One morning, about twenty years ago, Mike Devereux woke from a nightmare in a cold sweat. During his terrifying dream he had seen his container store in Cleveland go up in smoke and turned into a charred smouldering ruin.
Thankfully, it was just a bad dream, but it made Mike think about just how vulnerable his store - full of wooden storage boxes and their valuable contents - would be if there really was a fire.
Mike explained, “Over the years I had visited many moving companies’ depots both in the UK and abroad and was fascinated by the different methods they used to store their clients’ possessions. Wooden boxes were the norm, but some used metal ones, mainly 20ft shipping containers, which they proudly sold as providing fire-proof storage.”
Although today, few would claim sea containers to be fire-proof, they are at least more resistant to fire than a wooden crate and Mike, still haunted by the dream, was determined to make his store as secure as possible and decided to research the market.
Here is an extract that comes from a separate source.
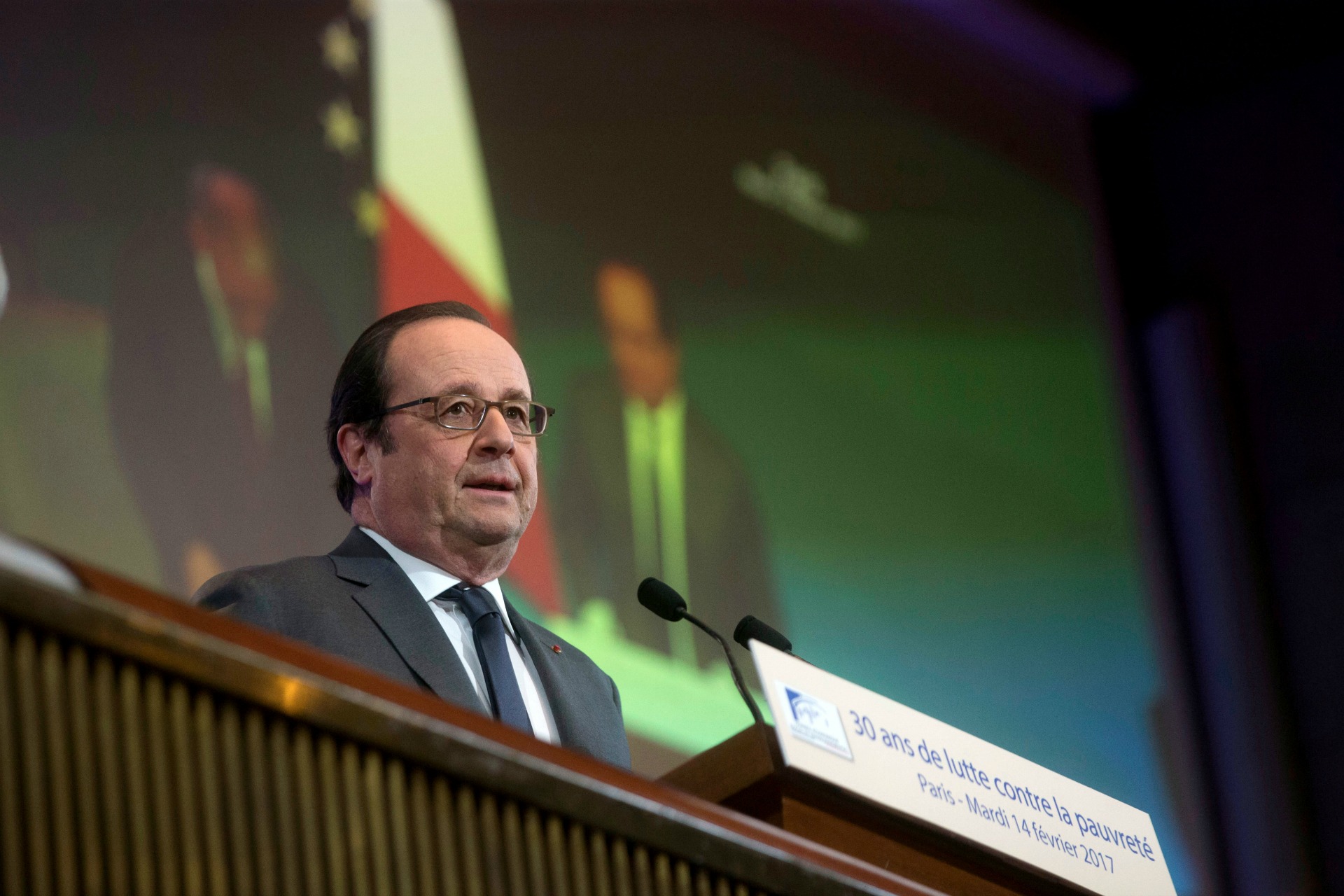 Hollande pide medidas contra ciberataques durante las elecciones francesas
“In those days only 20, 30, and 40ft containers were available and no matter how I configured them on paper I lost a huge amount of warehouse space compared with using the bog-standard 250cu.ft wooden boxes,” said Mike. “Also, because of their weight and size they would be difficult to load and carry on the trucks when we used them away from the depot. What I needed was a steel container the same size as the wooden boxes, but none were available. It seemed there was no practicable solution.”
Then one day Mike had a phone call from a man called Hervé who worked for Containex in Vienna saying he was visiting Cleveland in a few days’ time and could he drop in and see him? Mike readily agreed.
“When Hervé arrived, I whisked him off to the warehouse and presented him with the problem and what I saw as the solution. He seemed unenthusiastic at first but said he’d put my idea to his boss back at the factory and see what could be done.”
A few weeks later Mike had another call from Hervé asking him to fly over to Vienna to look at what they had come up with. “When I arrived, I was amazed by what they’d achieved,” said Mike. “There was not one, but three containers of slightly different design to choose from, all the exact same size as the standard 250cu.ft wooden boxes. The doors were rubber sealed in the same way as a sea container with air vents in the top and sides and fixings on each corner to hold them in place. It really was a Eureka moment.”
Not surprisingly Mike made his choice and placed an order there and then. Twenty years later 340 ‘Moverboxes’ - as Containex now call them - are still in use at Devereux’s Cleveland store.
At least this nightmare had a happy ending.
Photo: The steel containers in use at Devereux in Billingham, UK.